Once the images are set aside, return every entry exactly.

(Saved data entries)
****************

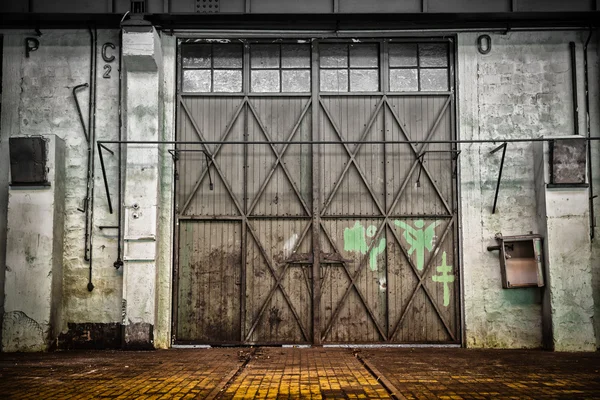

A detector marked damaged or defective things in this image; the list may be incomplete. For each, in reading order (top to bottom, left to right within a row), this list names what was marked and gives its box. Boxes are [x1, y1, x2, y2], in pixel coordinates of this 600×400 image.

rusty metal box [8, 136, 49, 186]
peeling paint wall [458, 31, 596, 348]
rusty metal box [490, 234, 548, 288]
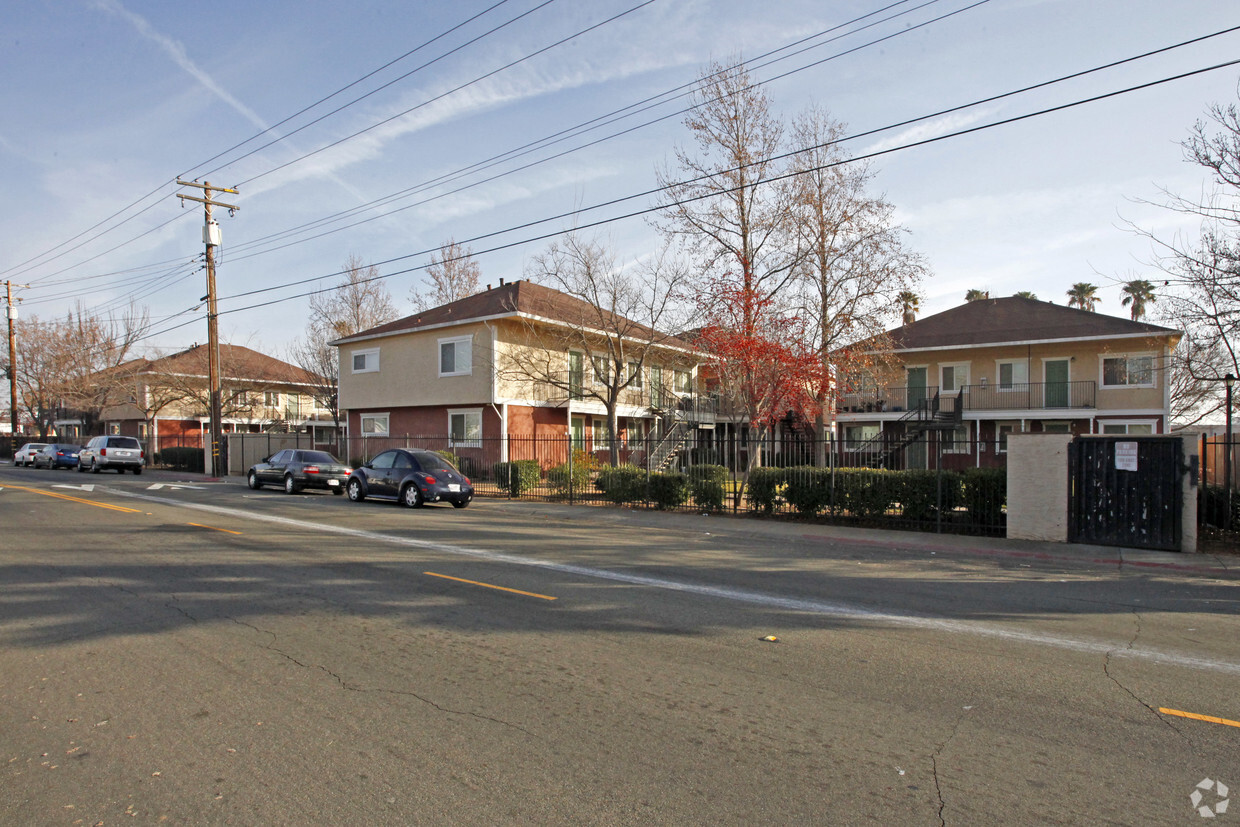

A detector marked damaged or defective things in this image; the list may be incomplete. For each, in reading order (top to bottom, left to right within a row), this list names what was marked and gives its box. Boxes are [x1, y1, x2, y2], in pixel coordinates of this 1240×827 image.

cracked asphalt [2, 468, 1240, 824]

****************

## Reply
A detector marked damaged or defective things in this image; the list may be incomplete. For each, in reading order (top to bottom, left to right within a row), this list names what was marked and gives its box. Boxes are [x1, y1, x2, y2], in pixel coordinates of this 600×400 image.

rusty metal box [8, 136, 49, 186]
peeling paint wall [458, 31, 596, 348]
rusty metal box [490, 234, 548, 288]

A detector marked damaged or defective things in this image; the list may be incomplete. For each, in reading order (top to bottom, left to right within a row), this list names what was marked and gives its box. Boxes are [x1, y1, x2, y2], in pixel coordinates of this 1240×827 image.

cracked asphalt [2, 468, 1240, 824]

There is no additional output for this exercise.